Background: Effective bone-cartilage integration remains a challenge in orthopedic surgery. Conventional methods often fail to reconstruct the native osteochondral interface. This study explores a scaffold-mediated approach utilizing co-cultured osteoblasts and chondrocytes, with platelet-rich plasma (PRP) as a potential promotor for bone-cartilage interface healing.

Methods: We developed a co-culture system integrating both osteoblasts and chondrocytes on PLGA scaffolds, either with or without PRP supplementation. Cell phenotype maintenance was evaluated by RT-PCR, while morphological analysis was performed by scanning electron microscopy and fluorescence microscopy. To assess healing potential, we created a gap-mimic construct comprising bone, scaffold, and cartilage layers, which was implanted subcutaneously in BALB/c-nude mice. Gap healing was evaluated at 4 and 8 weeks through macroscopic examination, quantitative adhesion analysis, and histological assessment of cellular invasion.

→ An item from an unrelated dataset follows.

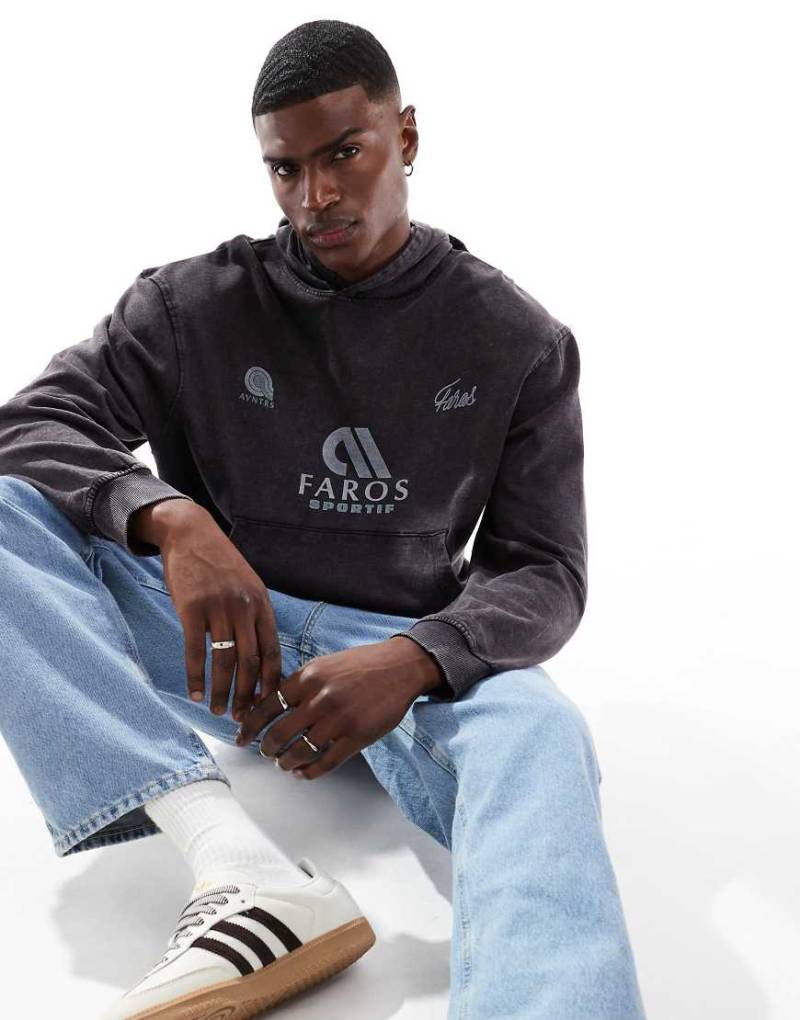 ASOS DESIGN - Oversize-Kapuzenpullover in Grau mit Acid-Waschung und Print auf der Vorderseite von ASOS DESIGN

Results: Co-cultured osteoblasts and chondrocytes maintained their phenotypes on PLGA scaffolds, with PRP significantly enhancing cell adhesion (215% increase for chondrocytes, 120% for osteoblasts) and proliferation. In vivo, cell-containing scaffolds demonstrated significantly greater attachment at the bone-cartilage interface compared to acellular constructs. PRP-treated scaffolds exhibited higher attachment rates (82.3% vs 76.7%) and cellular invasion (5/6 vs 3/6 constructs) at 8 weeks, with invasion observed as early as 4 weeks in the PRP group, suggesting accelerated remodeling.

Conclusion: This study demonstrates the feasibility of developing transplantable scaffolds containing co-cultured osteoblasts and chondrocytes while preserving their phenotypes. These scaffolds exhibit significant potential in promoting healing at the bone-cartilage interface, with PRP further enhancing proliferation and improving the scaffold's ability to promote bone-cartilage interface healing.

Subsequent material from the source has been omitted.